A lot of data work in 2023 is very much different than how things were when I started 15+ years ago. Most of us will now source our data out of giant databases that someone else has set up and manages for us. A lot of our tools have GUI interfaces, whether it’s a browser window or the occasional stand-alone app like a spreadsheet or IDE. With the rise of the “data engineer” title, the many people who don’t want to fuss about on the command line modifying config files have been freed from much of that work. This is all a positive thing because the data world is more than big enough to accommodate people who don’t like working in specific sections of the tech stack.
But even if we don’t need to do it at a professional level, it is a great idea to have familiarity with running a small system with actual useful services. Not only do we get to make some useful stuff for ourselves and learn some skills for if we do have to dive into data engineering tasks, we also get a base understanding (and appreciation) of what all the various Ops and SRE do for us.

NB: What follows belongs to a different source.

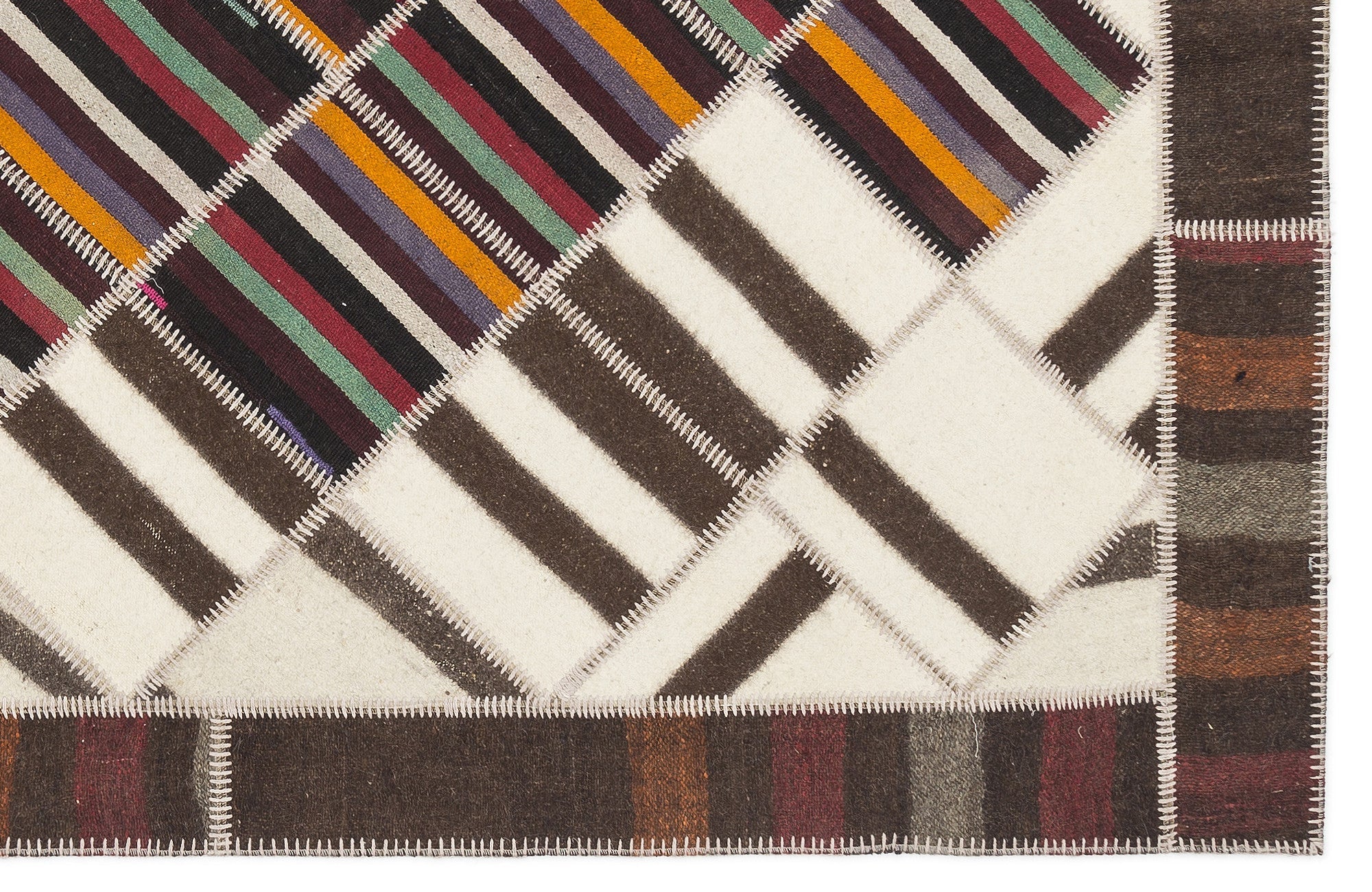 Teselya 11529 Beige Striped Wool Handmade Area Rug 5'3" x 8'4"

You’d think that with a cheap $5/mo server instance on your favorite second-tier cloud provider wouldn’t give you enough resources to do stuff like run containers or compile software, but you actually can. Plus you can host simple stuff like your own homepage and resume on it for easy reference. The value for money spent is pretty great.

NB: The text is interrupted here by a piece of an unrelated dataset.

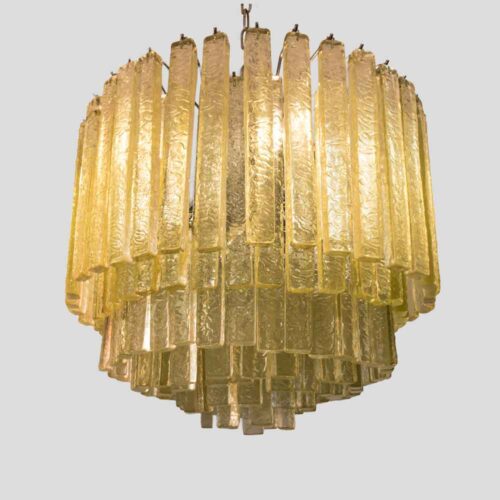 Venini olive green Martellate Murano glass rod ceiling light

In search of an web-based RSS app
Here’s what prompted me to write about running servers this week — with the rapid mass-implosion of Twitter, Reddit, and other social media, I came to the conclusion that the data universe is going to be fragmented for the next couple of years, and I was going to need to keep track of an increasing number of blogs and newsletters to stay on top of things. My email box is utter chaos, so it was time to get a dedicated tool to manage the chaos because my inbox can’t filter it well enough — enter RSS feed aggregation.
In my mind, there must be an RSS client that runs as a web-based service that I could install on my tiny $8mo server. I didn’t want to run a local RSS client because I constantly swap between computers and keeping things in sync would just be a nightmare. So, off the internets I went.
I’ve been putting stuff online a while. First by using free web hosting on things like Geocities (it was the late 90s). Then I graduated to paying for a managed web host to host some simple web pages. Finally, I slowly learned FreeBSD enough and moved all my stuff onto small virtual web servers. From Wordpress installations with billing storefronts, to random little web apps and custom web services, I’ve done plenty with little machines that cost a couple of dollars a month to run. So, surely, there must be some software I can run to solve this task, right? How hard could it be?
There seemed to be a few RSS reader applications that seemed popular and could be self-hosted. Newsblur (a subscription SaSS product that you can self-host), Tiny Tiny RSS, and FreshRSS came up as respectable candidates. There’s many other alternatives, but I figured the more popular ones are probably the most feature-rich and well maintained for a lazy admin like myself.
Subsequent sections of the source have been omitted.